* [DESCRIPTION OF THE TASK] When you reach a picture, skip it, and retype every line below exactly.

* [GIVEN MATERIAL]
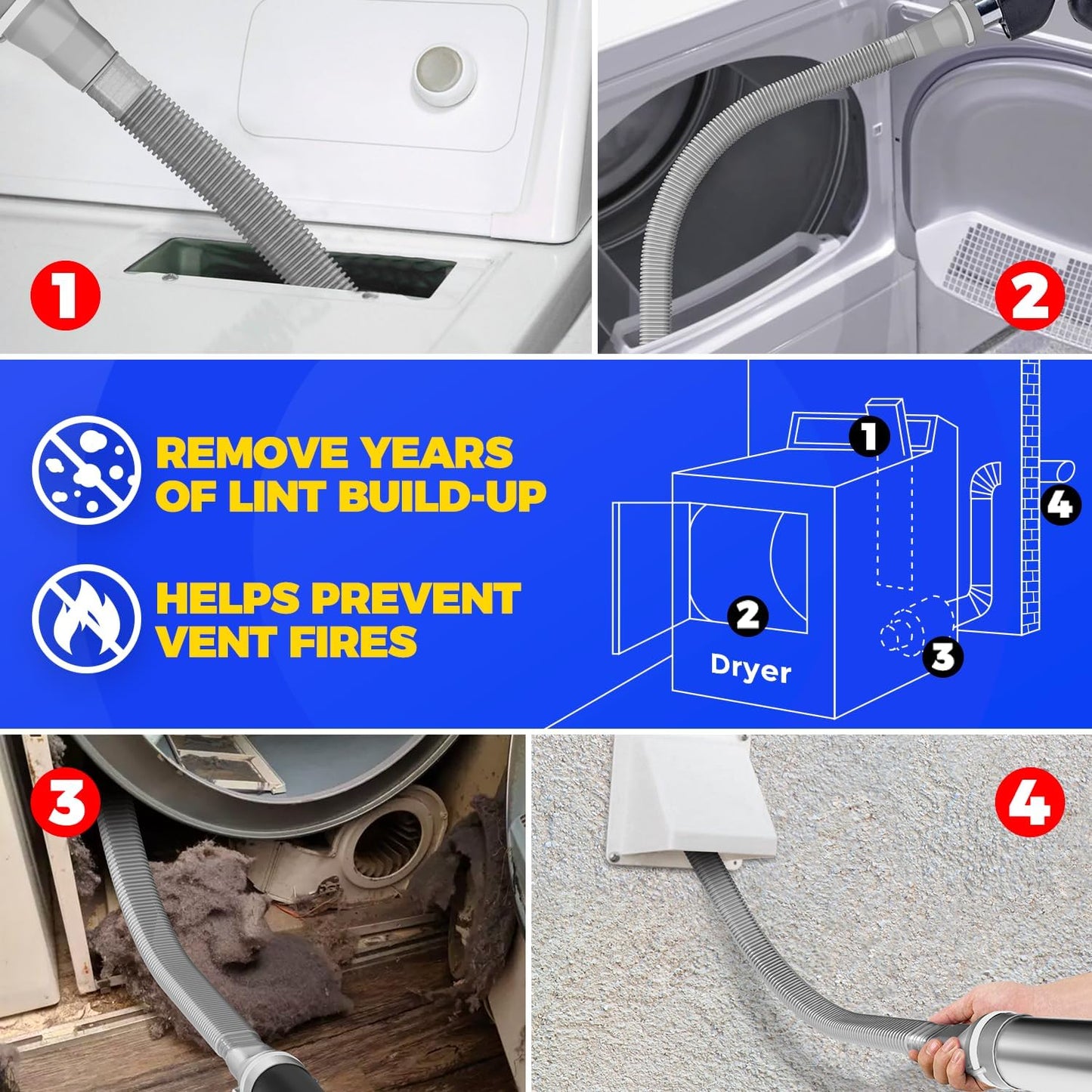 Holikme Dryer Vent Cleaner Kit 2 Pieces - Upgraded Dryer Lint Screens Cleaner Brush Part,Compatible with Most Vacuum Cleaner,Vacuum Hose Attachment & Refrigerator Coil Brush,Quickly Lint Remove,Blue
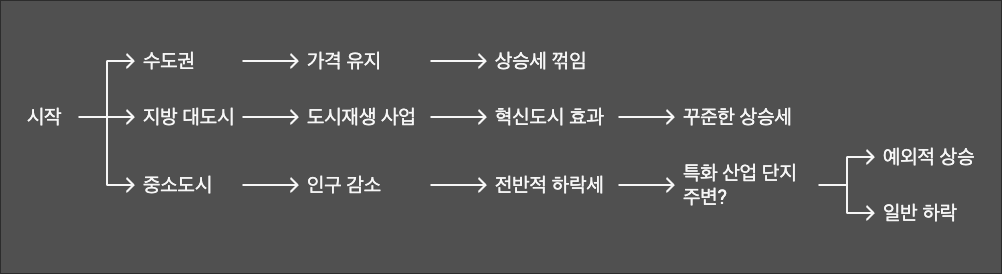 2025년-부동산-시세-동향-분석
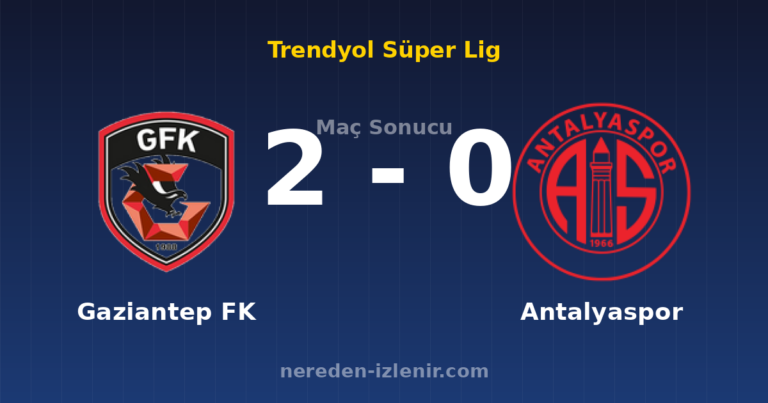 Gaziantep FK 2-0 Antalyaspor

* [SOLVED PROBLEM]
 Holikme Dryer Vent Cleaner Kit 2 Pieces - Upgraded Dryer Lint Screens Cleaner Brush Part,Compatible with Most Vacuum Cleaner,Vacuum Hose Attachment & Refrigerator Coil Brush,Quickly Lint Remove,Blue
 2025년-부동산-시세-동향-분석
 Gaziantep FK 2-0 Antalyaspor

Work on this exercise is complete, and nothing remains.